_DATASET EXCERPTS_
================
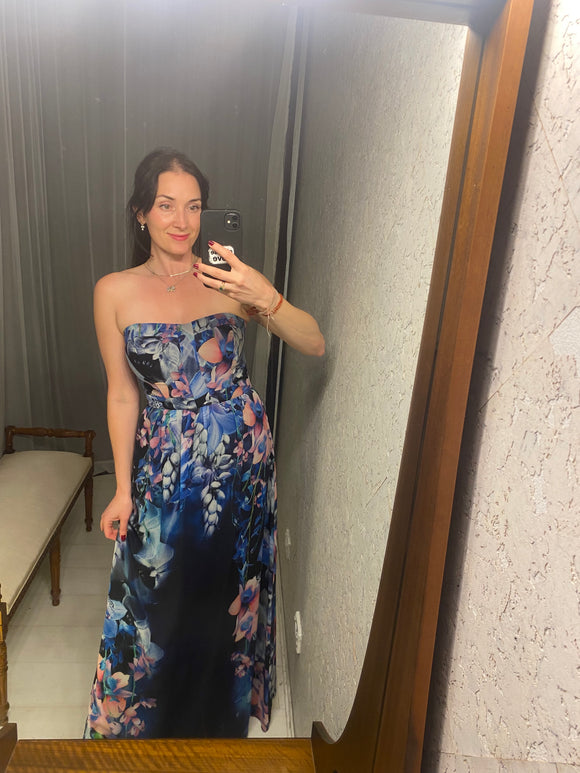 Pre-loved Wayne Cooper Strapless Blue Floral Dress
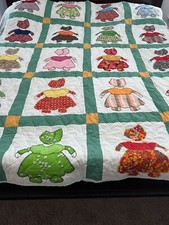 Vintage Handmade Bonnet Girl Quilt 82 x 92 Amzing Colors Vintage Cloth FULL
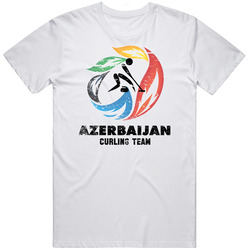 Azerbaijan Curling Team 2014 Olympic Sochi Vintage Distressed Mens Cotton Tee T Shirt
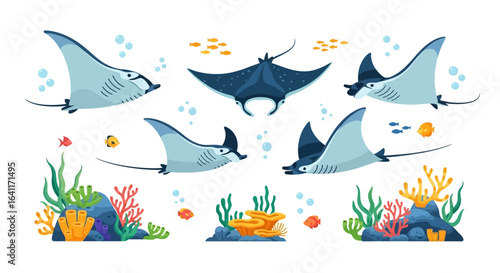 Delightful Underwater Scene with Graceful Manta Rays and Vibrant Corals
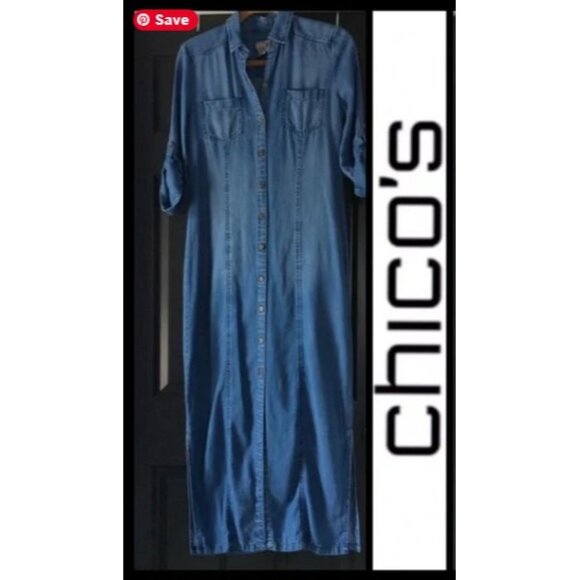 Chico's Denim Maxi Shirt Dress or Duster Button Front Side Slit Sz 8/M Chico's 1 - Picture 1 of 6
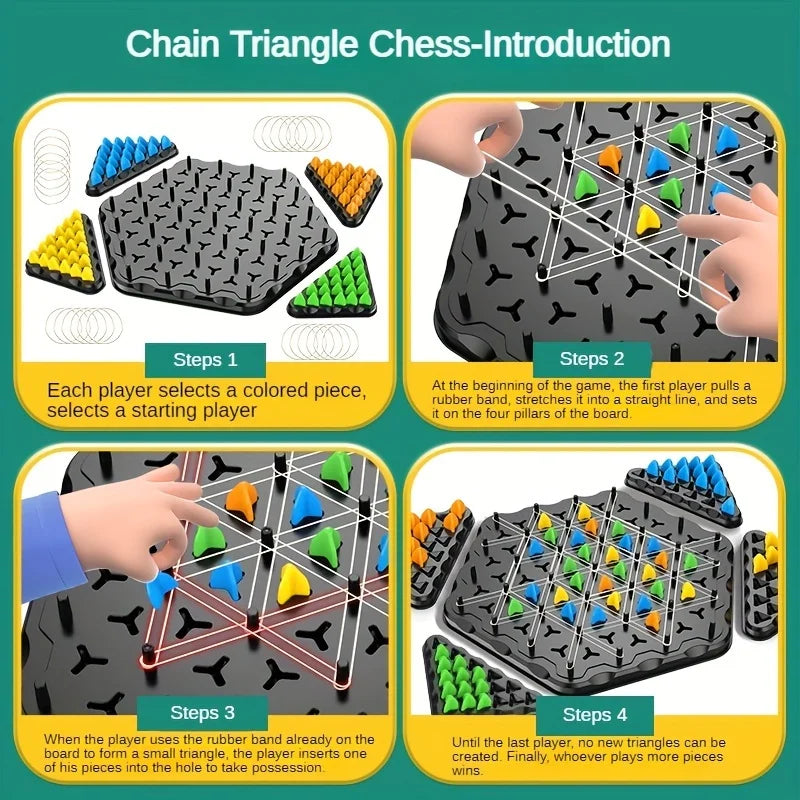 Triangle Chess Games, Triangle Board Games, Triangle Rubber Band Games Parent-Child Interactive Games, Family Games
================
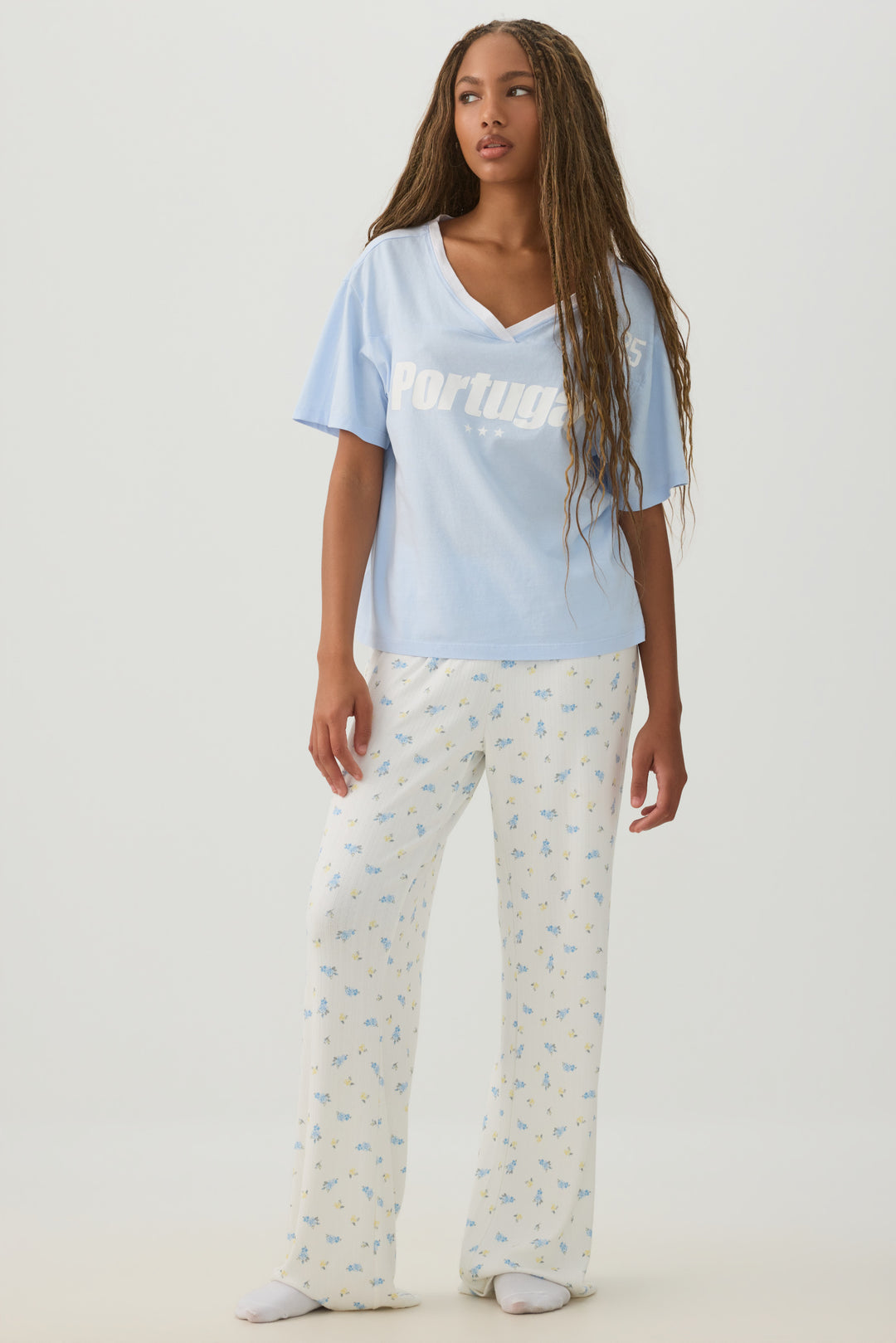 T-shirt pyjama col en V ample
================
Copy exactly the part of the material above that opens with the line containing "Pre-loved Wayne Cooper" and closes with the line containing "Triangle Chess Games, Triangle", ends included. Drop the images.

_SOLUTION TO THIS TASK_
 Pre-loved Wayne Cooper Strapless Blue Floral Dress
 Vintage Handmade Bonnet Girl Quilt 82 x 92 Amzing Colors Vintage Cloth FULL
 Azerbaijan Curling Team 2014 Olympic Sochi Vintage Distressed Mens Cotton Tee T Shirt
 Delightful Underwater Scene with Graceful Manta Rays and Vibrant Corals
 Chico's Denim Maxi Shirt Dress or Duster Button Front Side Slit Sz 8/M Chico's 1 - Picture 1 of 6
 Triangle Chess Games, Triangle Board Games, Triangle Rubber Band Games Parent-Child Interactive Games, Family Games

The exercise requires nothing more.